ASSIGNMENT:
Going through the material below, output exactly the lines from the one containing "Person fishing by water" through the one containing "May include: White", and no pictures.

Top of RECORDS FOR THIS EXERCISE

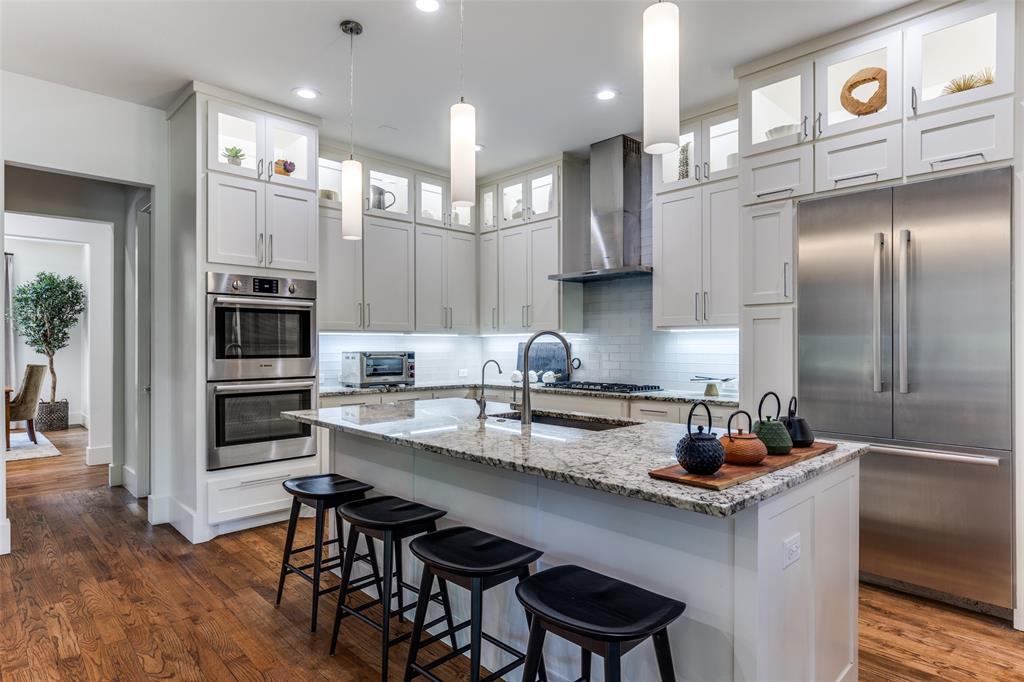 3755 Northview Lane Dallas, TX 75229 - Photo 3 of 36 a kitchen with cabinets and stainless steel appliances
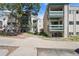 Apartment buildings with green balconies, neutral exteriors, and manicured landscaping at 7740 W 35Th Ave # 210, Wheat Ridge, CO 80033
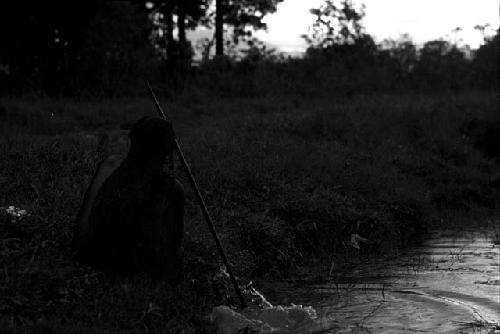 Person fishing by water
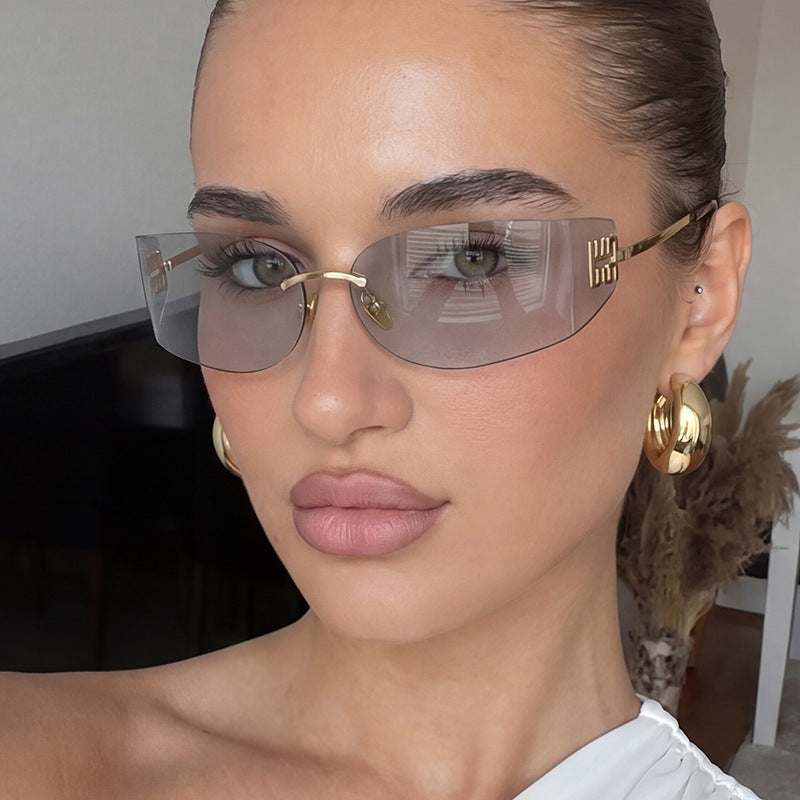 Women's Futuristic Sunglasses with Elaborate Frame and UV Protection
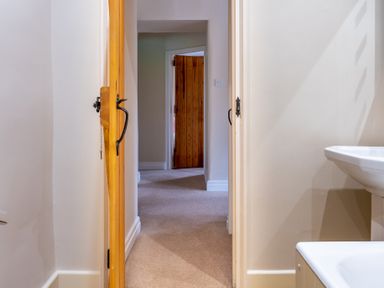 A hallway with wooden doors and a white sink visible in a bathroom at Crabtree in Hawkshead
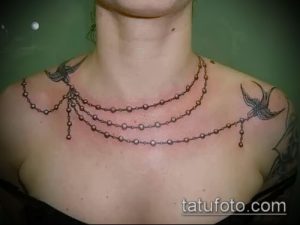 Фото тату: женственная татуировка в виде ожерелья с подвесками-ласточками на шее и ключицах. Черно-серый рисунок татуировки.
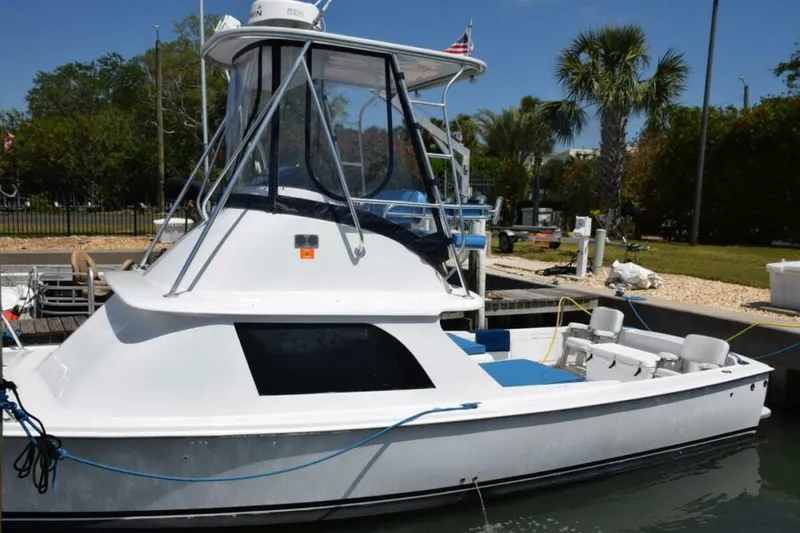 Slide: The Image of 1976 Bertram Flybridge Cruiser docked, featuring sleek design and spacious deck under clear blue sky - 7384095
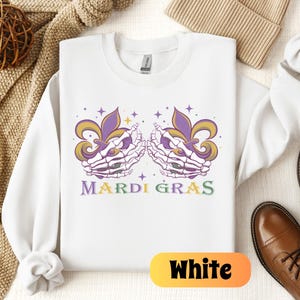May include: White sweatshirt with a purple and green Mardi Gras design featuring two skeletal hands holding fleur-de-lis. The text "Mardi Gras" is printed in green and yellow.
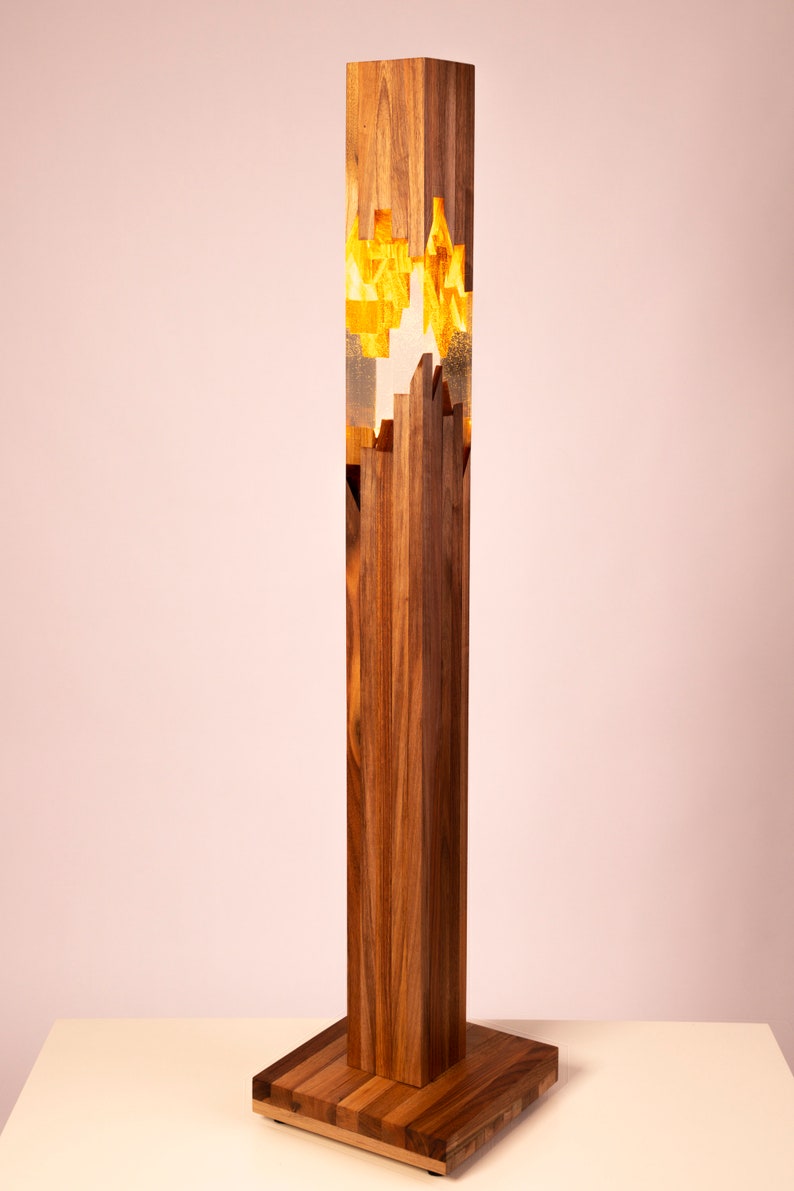 May include: A tall, wooden floor lamp with a rectangular base. The lamp has a clear resin section in the middle with gold accents. The lamp is lit and casting a warm glow.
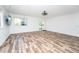 Bright living room with hardwood flooring, sliding glass doors and plenty of natural light at 511 Powers Ave, Port Orange, FL 32127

Bottom of RECORDS FOR THIS EXERCISE

EXERCISE SOLUTION:
 Person fishing by water
 Women's Futuristic Sunglasses with Elaborate Frame and UV Protection
 A hallway with wooden doors and a white sink visible in a bathroom at Crabtree in Hawkshead
 Фото тату: женственная татуировка в виде ожерелья с подвесками-ласточками на шее и ключицах. Черно-серый рисунок татуировки.
 Slide: The Image of 1976 Bertram Flybridge Cruiser docked, featuring sleek design and spacious deck under clear blue sky - 7384095
May include: White sweatshirt with a purple and green Mardi Gras design featuring two skeletal hands holding fleur-de-lis. The text "Mardi Gras" is printed in green and yellow.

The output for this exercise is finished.